WORK ITEM ▸ Copy the records exactly, leaving out every picture.

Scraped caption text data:

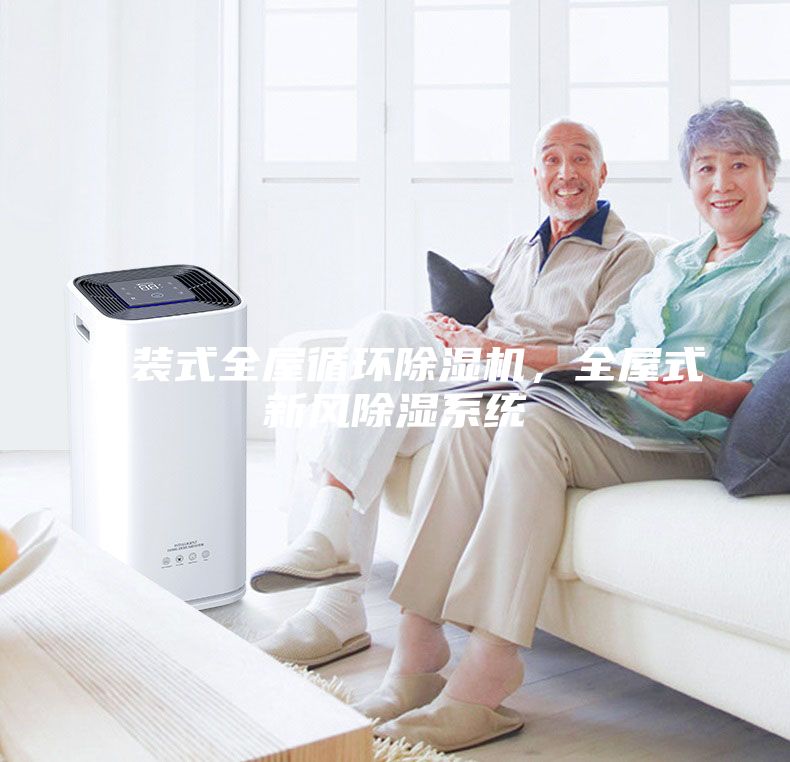吊裝式全屋循環(huán)除濕機，全屋式新風除濕系統(tǒng)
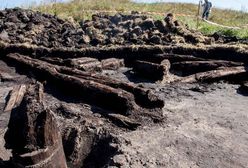 Zarabianie na grzebaniu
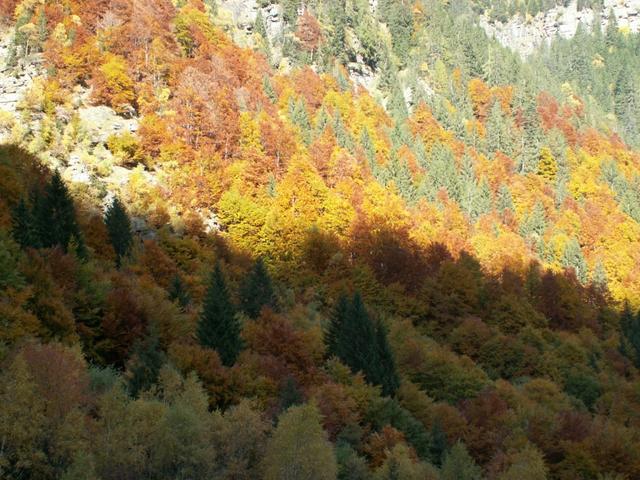 ein Herbstwald wie es im Bilderbuch steht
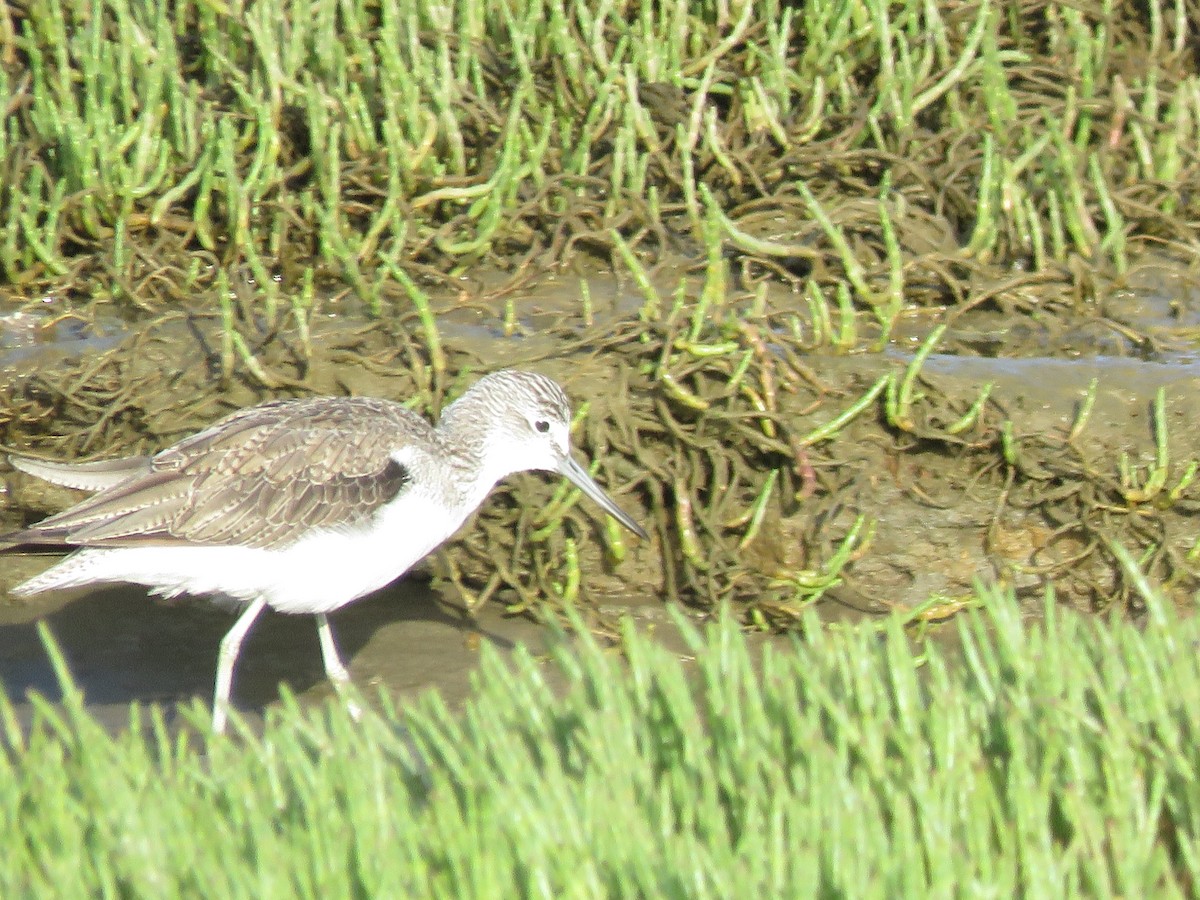 Common Greenshank - ML257547761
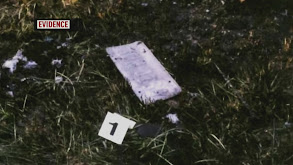 Theresa Voss thumbnail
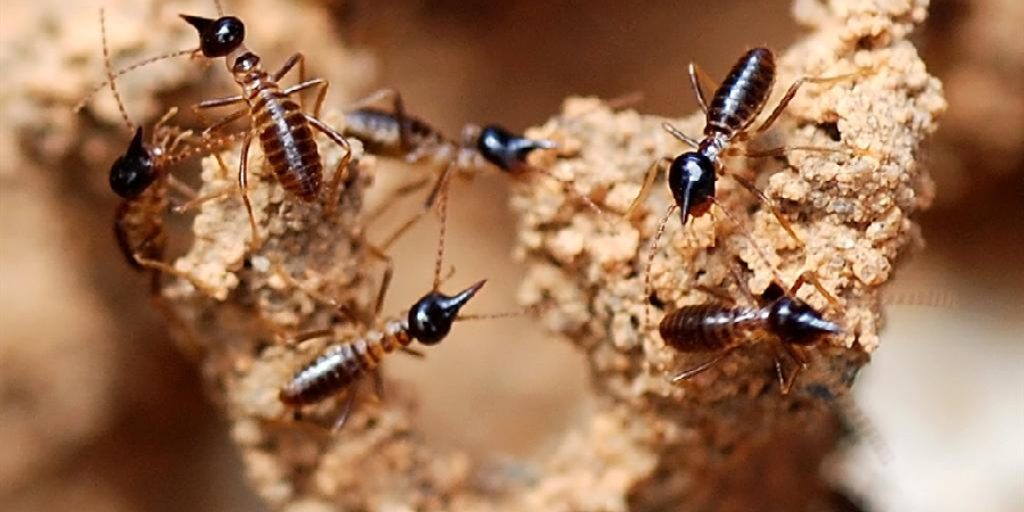How to Get Rid of Termites in the Lawn 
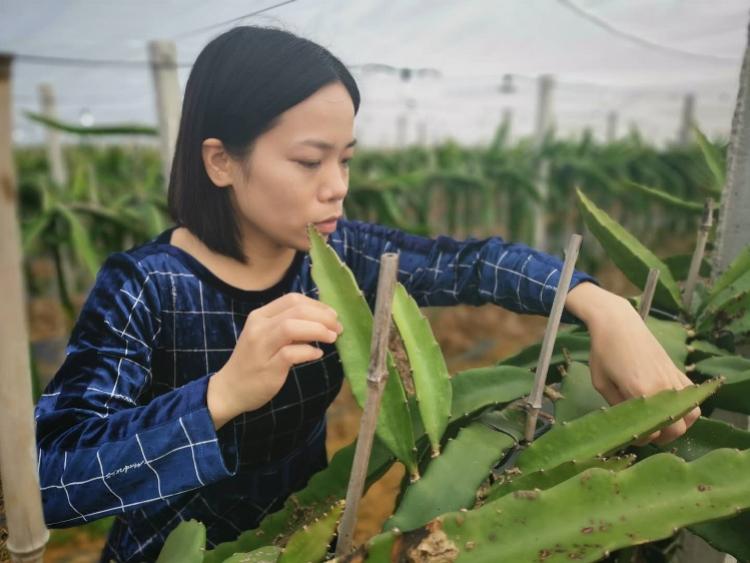 海归女硕士返乡做农民，新技术种水果年入千万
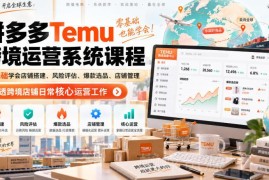 Temu零基础跨境运营课程 覆盖开店选品运维全核心实战流程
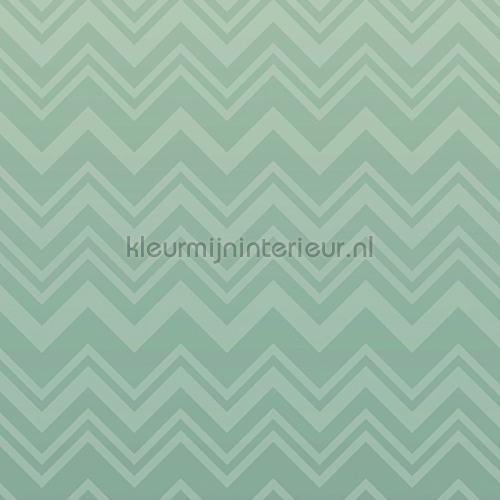 Missoni Home Wallcoverings 04 10393 | Bestellen bij https://www.kleurmijninterieur.nl/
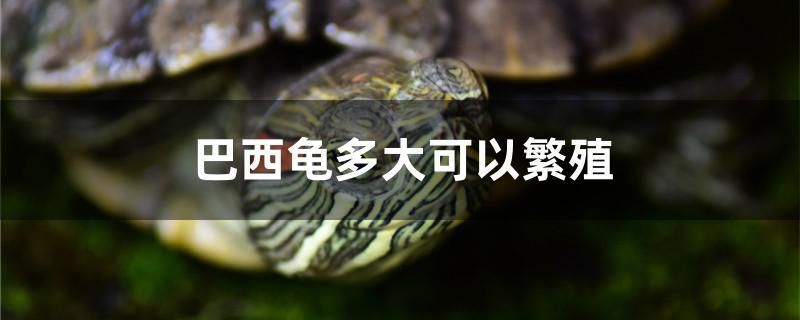 巴西龜多大可以繁殖 黃金夢(mèng)幻雷龍魚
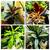 So Many Pretty Plants, starting at $5 2 thumbnail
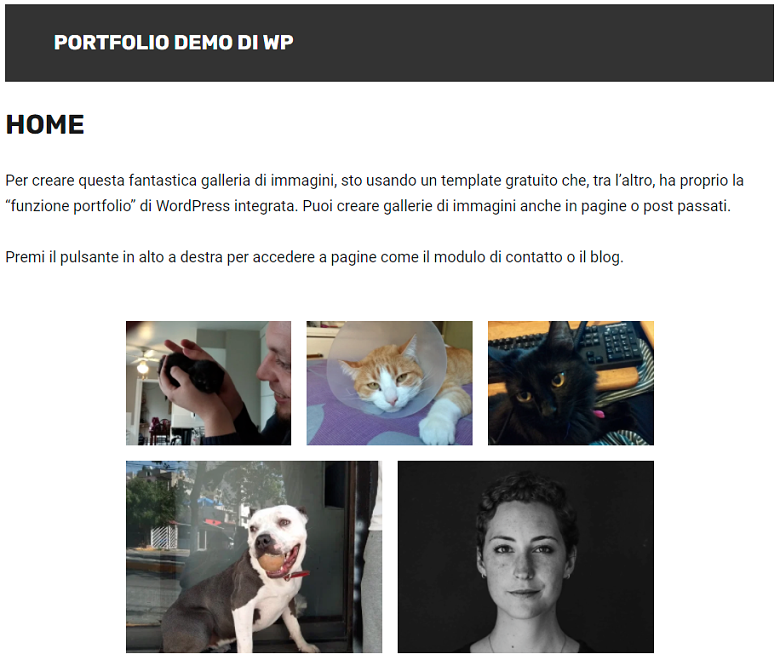 WordPress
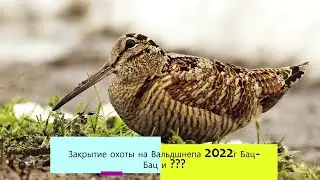 Завершение охоты на Вальдшнепа 2022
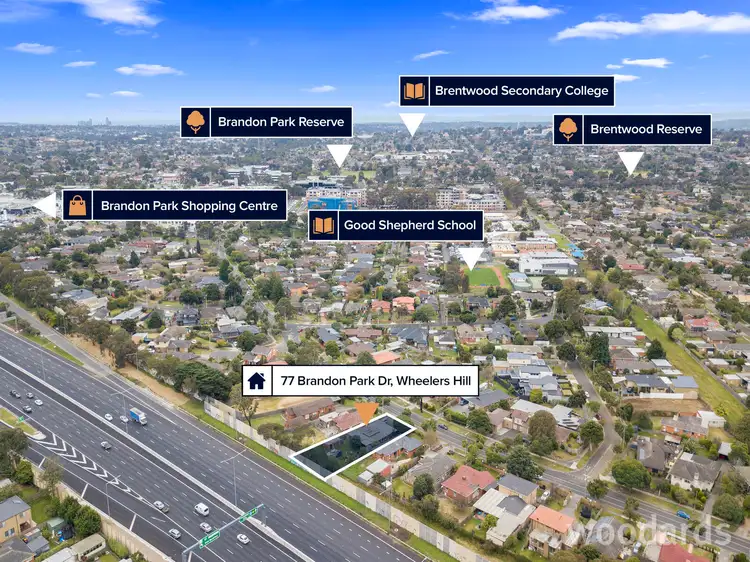 Fourth view of Homely house listing, 77 Brandon Park Drive, Wheelers Hill VIC 3150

RESPONSE BOX ▸
吊裝式全屋循環(huán)除濕機，全屋式新風除濕系統(tǒng)
 Zarabianie na grzebaniu
 ein Herbstwald wie es im Bilderbuch steht
 Common Greenshank - ML257547761
 Theresa Voss thumbnail
How to Get Rid of Termites in the Lawn 
 海归女硕士返乡做农民，新技术种水果年入千万
 Temu零基础跨境运营课程 覆盖开店选品运维全核心实战流程
 Missoni Home Wallcoverings 04 10393 | Bestellen bij https://www.kleurmijninterieur.nl/
 巴西龜多大可以繁殖 黃金夢(mèng)幻雷龍魚
 So Many Pretty Plants, starting at $5 2 thumbnail
 WordPress
 Завершение охоты на Вальдшнепа 2022
 Fourth view of Homely house listing, 77 Brandon Park Drive, Wheelers Hill VIC 3150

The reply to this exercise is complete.